Goal of the exercise: Without the images, write out the whole listing exactly.

Data for the task:
────
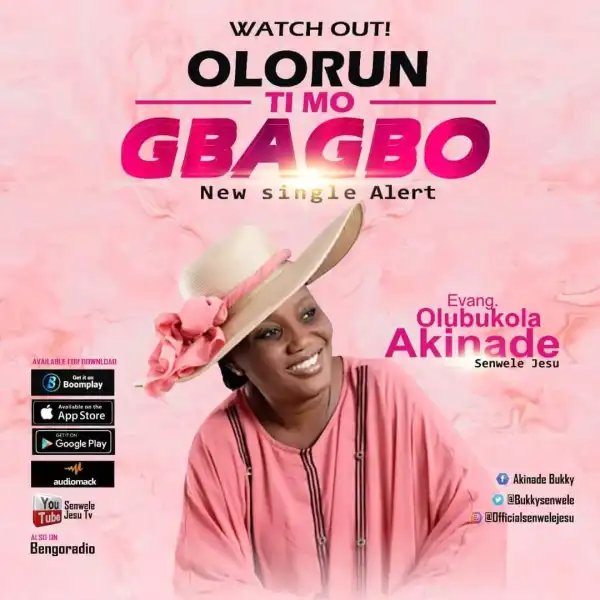 Senwele Jesu – Olorun Ti Mo Gbagbo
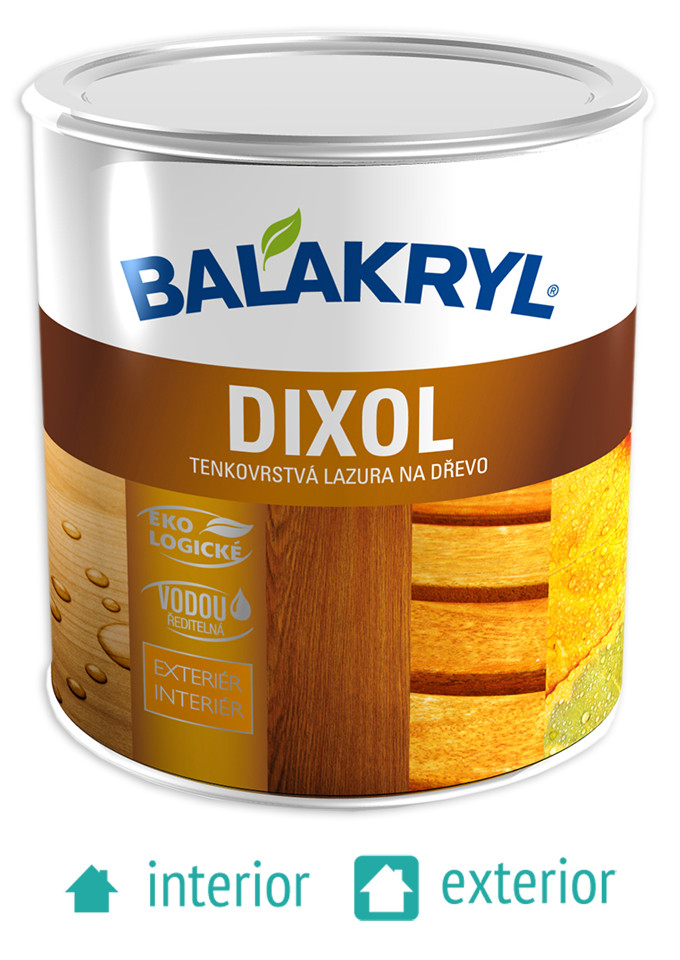 

Лазурь Balakryl Dixol Тик 0,7 кг
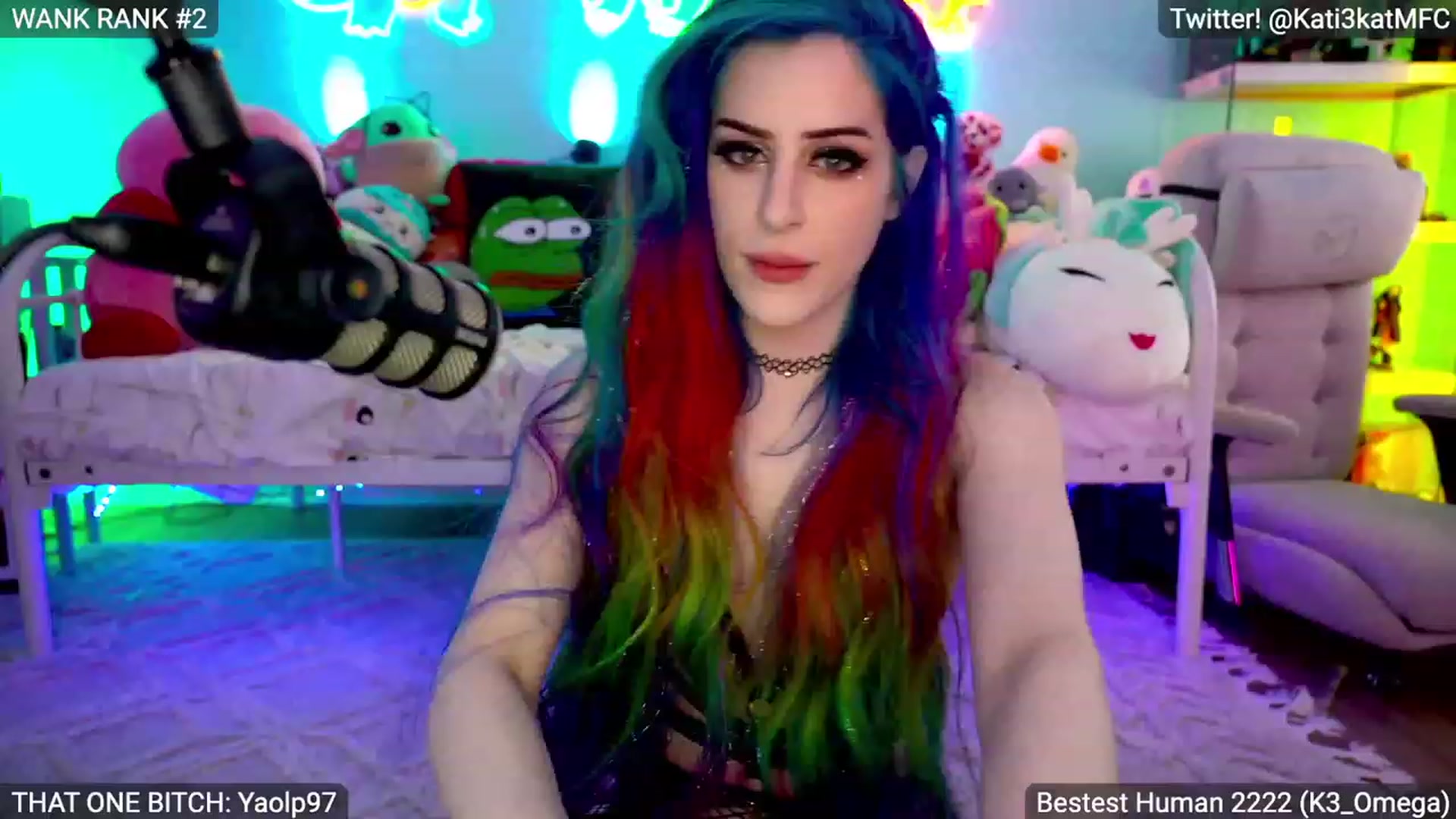 Gallery image thumbnail from Kati3Kat's myfreecams stream on, 06/24/2023, 07:01 image 16 of 20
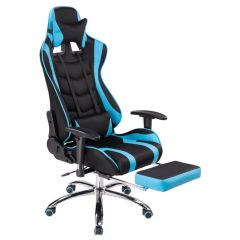 Офисное кресло Kano 1 light blue / black в Салехарде - salekhard.mebel24.online | фото
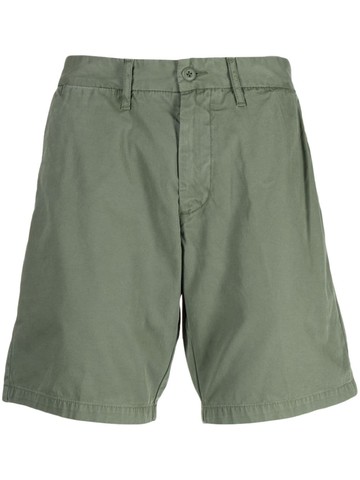 Carhartt WIP - John cotton chino shorts - men - Cotton - 34 - Green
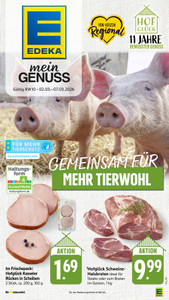 EDEKA Prospekt - Angebote ab 02.03.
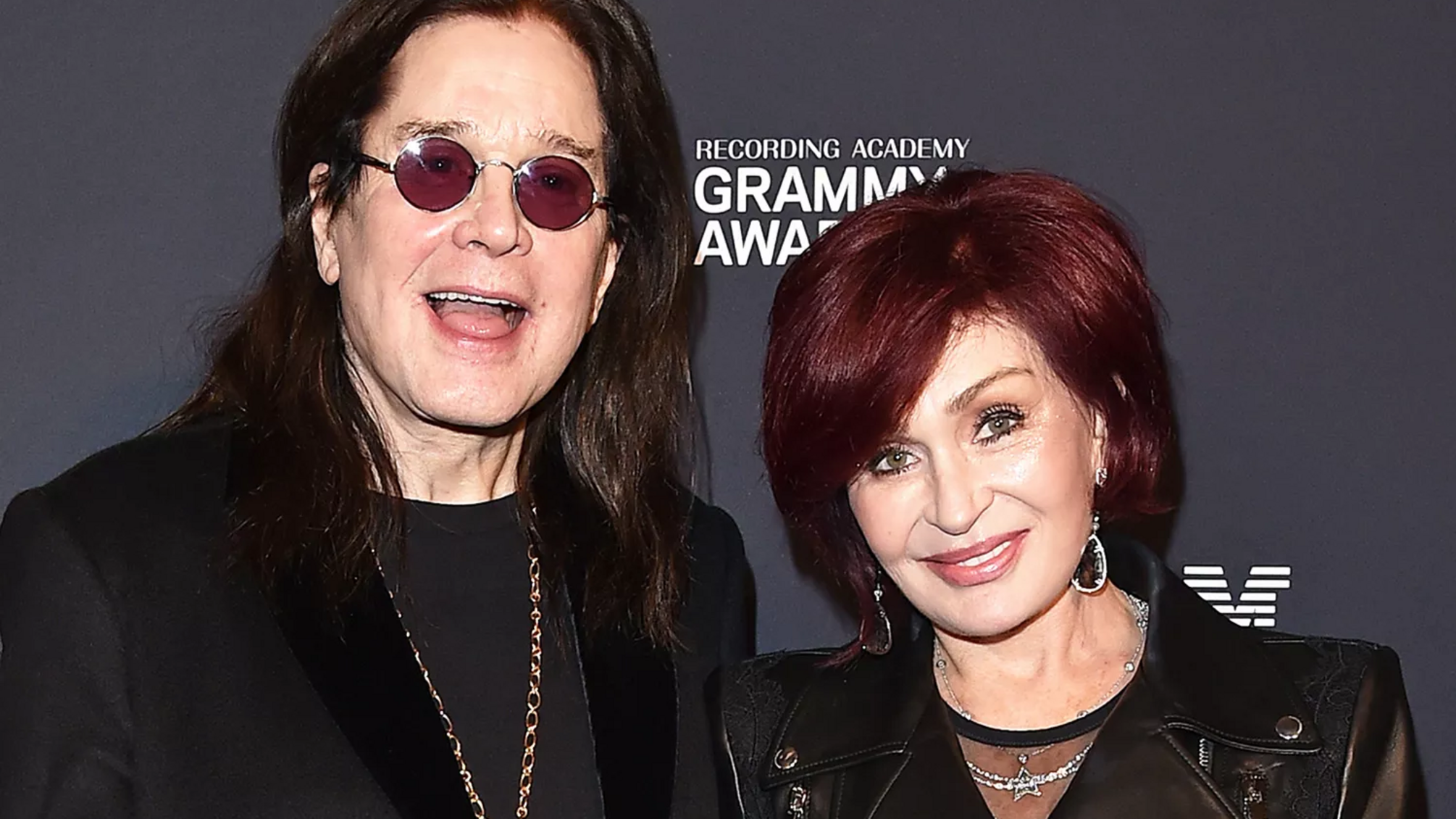 Оззі та Шерон Осборн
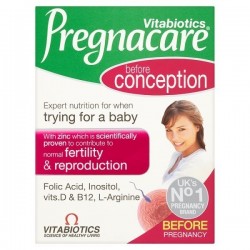 Pregnacare Conception tablete Vitabiotics 30 buc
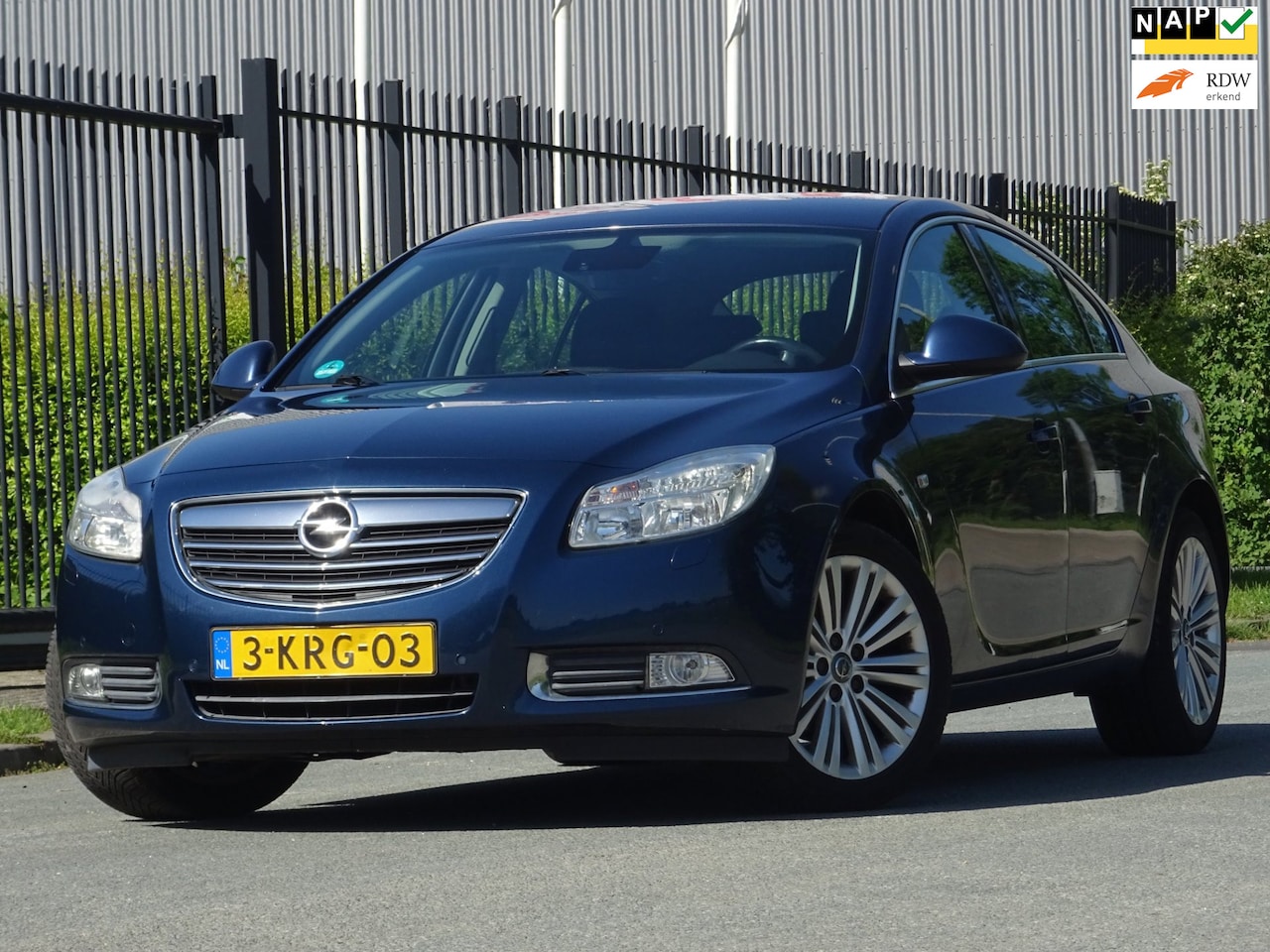 Opel Insignia - 1.4 Turbo EcoFLEX Business+ NAP/NAVI/PDC/APK - AutoWereld.nl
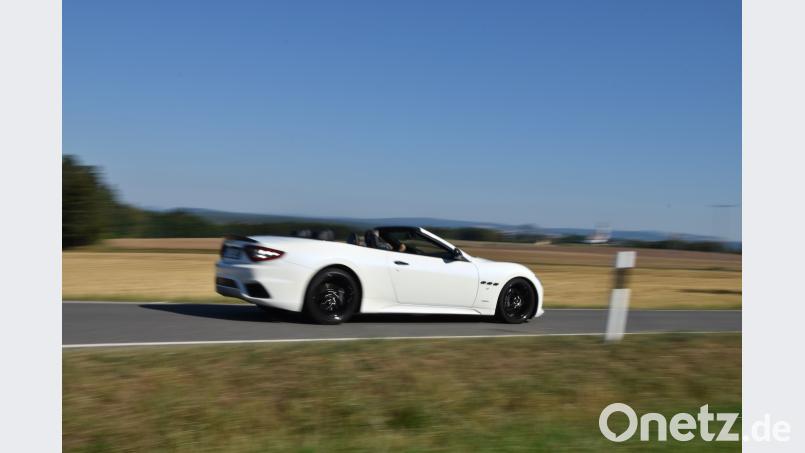 Sommerfreuden im Maserati Christian Gold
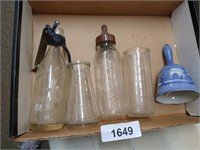 Glass Baby Bottles, Other Glass &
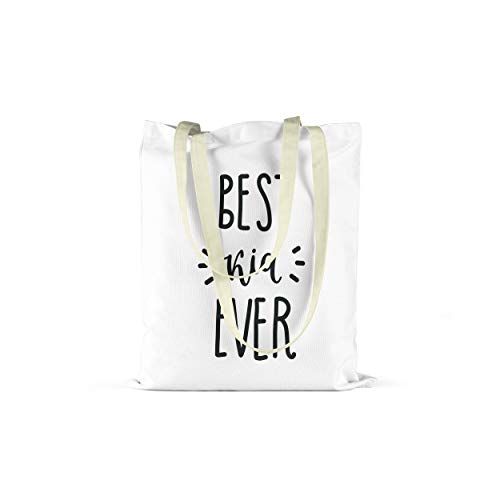 Bonamaison - Herbruikbare Boodschappentas - 100% Katoen - 48x55 cm - Turkije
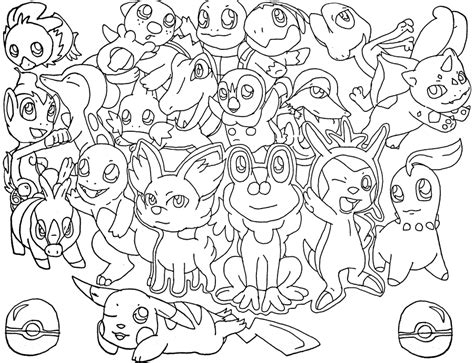 Piplup Pokemon Coloring Pages Coloring Home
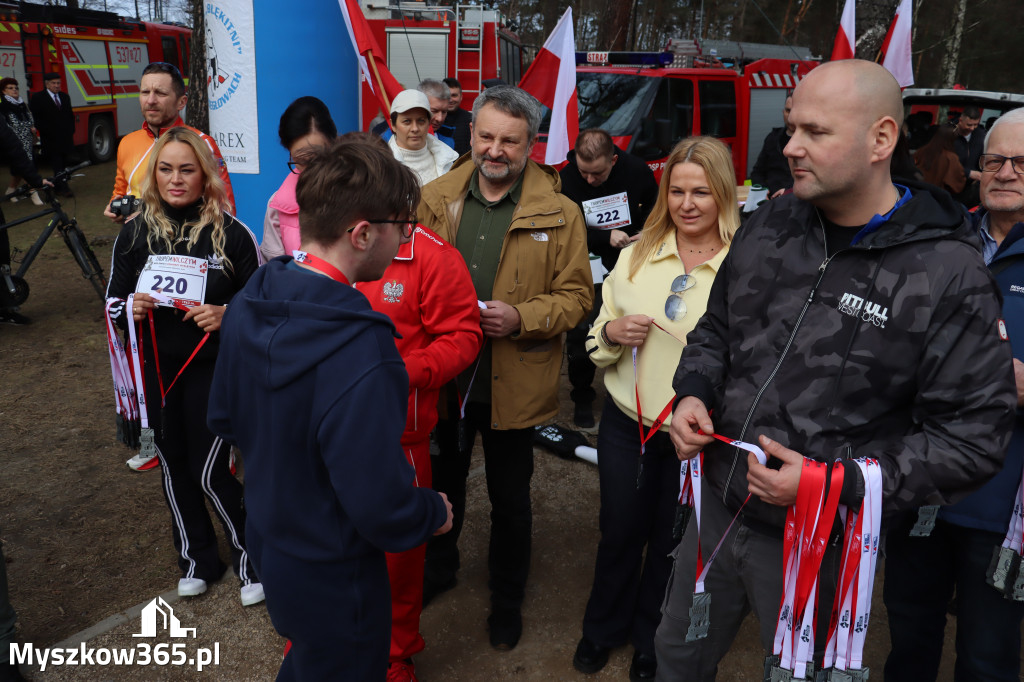 Fotorelacja: Tropem Wilczym w Myszkowie - Bieg pamięci Żołnierzy Wyklętych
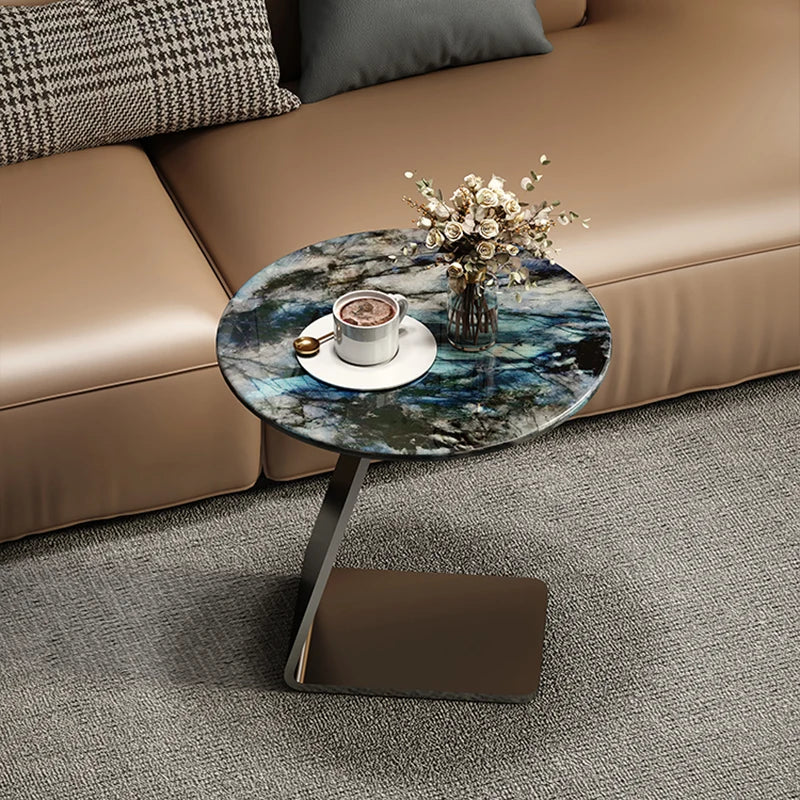 Portable Storage Side Table Beauty Trendy Simple Luxury Sofa Side Table Elegant Delicacy Mesas De Centro Sala Home Furniture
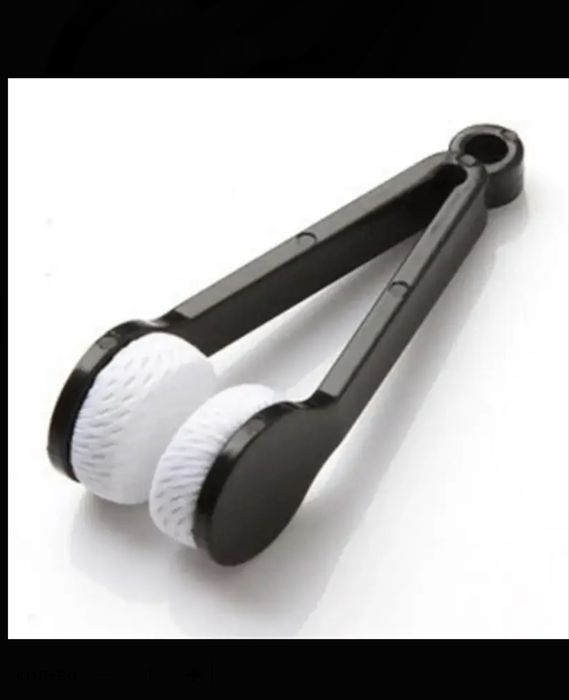 Багаторазова щітка очищувач для очищення лінз, різних окулярів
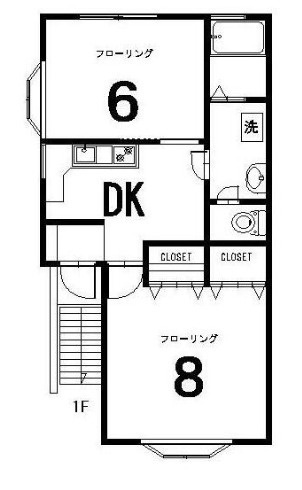 アドルカの間取り
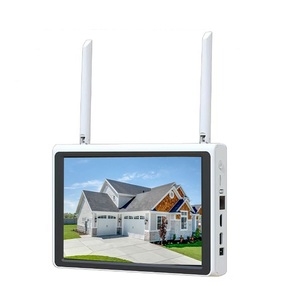 Sistema de Cámaras de Seguridad Inalámbricas de 5MP con Monitor de 10 Pulgadas, Cámaras de Video <span class=keywords><strong>WiFi</strong></span> para Exteriores, Sistemas de Vigilancia, Kits NVR - Product Image 2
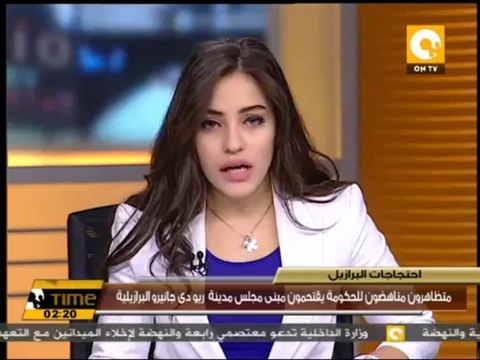 متظاهرون مناهضون للحكومة يقتحمون مبنى مجلس مدينة ريو دى جانيرو البرازيلية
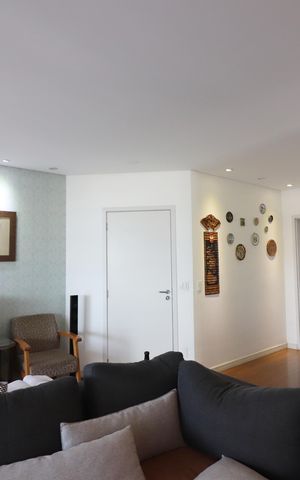 Apartamento para alugar com 96m², 3 quartos e 2 vagasSala 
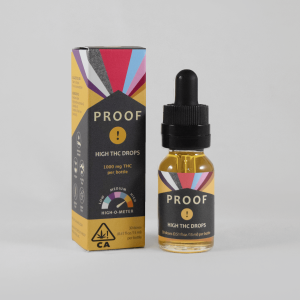 Proof High THC Tincture UK - Cannabis Pharm UK Dispensary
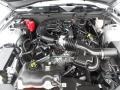 3.7 Liter DOHC 24-Valve TiVCT V6 2011 Ford Mustang V6 Mustang Club of America Edition Coupe Engine
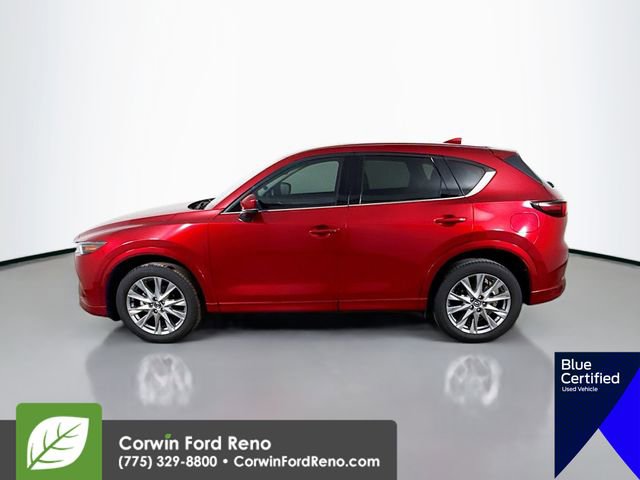 Used 2024 MAZDA CX-5 AWD 2.5 S w/ Premium Plus Pkg image 4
────
Exercise output:
 Senwele Jesu – Olorun Ti Mo Gbagbo

Лазурь Balakryl Dixol Тик 0,7 кг
 Gallery image thumbnail from Kati3Kat's myfreecams stream on, 06/24/2023, 07:01 image 16 of 20
 Офисное кресло Kano 1 light blue / black в Салехарде - salekhard.mebel24.online | фото
 Carhartt WIP - John cotton chino shorts - men - Cotton - 34 - Green
 EDEKA Prospekt - Angebote ab 02.03.
 Оззі та Шерон Осборн
 Pregnacare Conception tablete Vitabiotics 30 buc
 Opel Insignia - 1.4 Turbo EcoFLEX Business+ NAP/NAVI/PDC/APK - AutoWereld.nl
 Sommerfreuden im Maserati Christian Gold
 Glass Baby Bottles, Other Glass &
 Bonamaison - Herbruikbare Boodschappentas - 100% Katoen - 48x55 cm - Turkije
 Piplup Pokemon Coloring Pages Coloring Home
 Fotorelacja: Tropem Wilczym w Myszkowie - Bieg pamięci Żołnierzy Wyklętych
 Portable Storage Side Table Beauty Trendy Simple Luxury Sofa Side Table Elegant Delicacy Mesas De Centro Sala Home Furniture
 Багаторазова щітка очищувач для очищення лінз, різних окулярів
 アドルカの間取り
 Sistema de Cámaras de Seguridad Inalámbricas de 5MP con Monitor de 10 Pulgadas, Cámaras de Video <span class=keywords><strong>WiFi</strong></span> para Exteriores, Sistemas de Vigilancia, Kits NVR - Product Image 2
 متظاهرون مناهضون للحكومة يقتحمون مبنى مجلس مدينة ريو دى جانيرو البرازيلية
 Apartamento para alugar com 96m², 3 quartos e 2 vagasSala 
 Proof High THC Tincture UK - Cannabis Pharm UK Dispensary
 3.7 Liter DOHC 24-Valve TiVCT V6 2011 Ford Mustang V6 Mustang Club of America Edition Coupe Engine
 Used 2024 MAZDA CX-5 AWD 2.5 S w/ Premium Plus Pkg image 4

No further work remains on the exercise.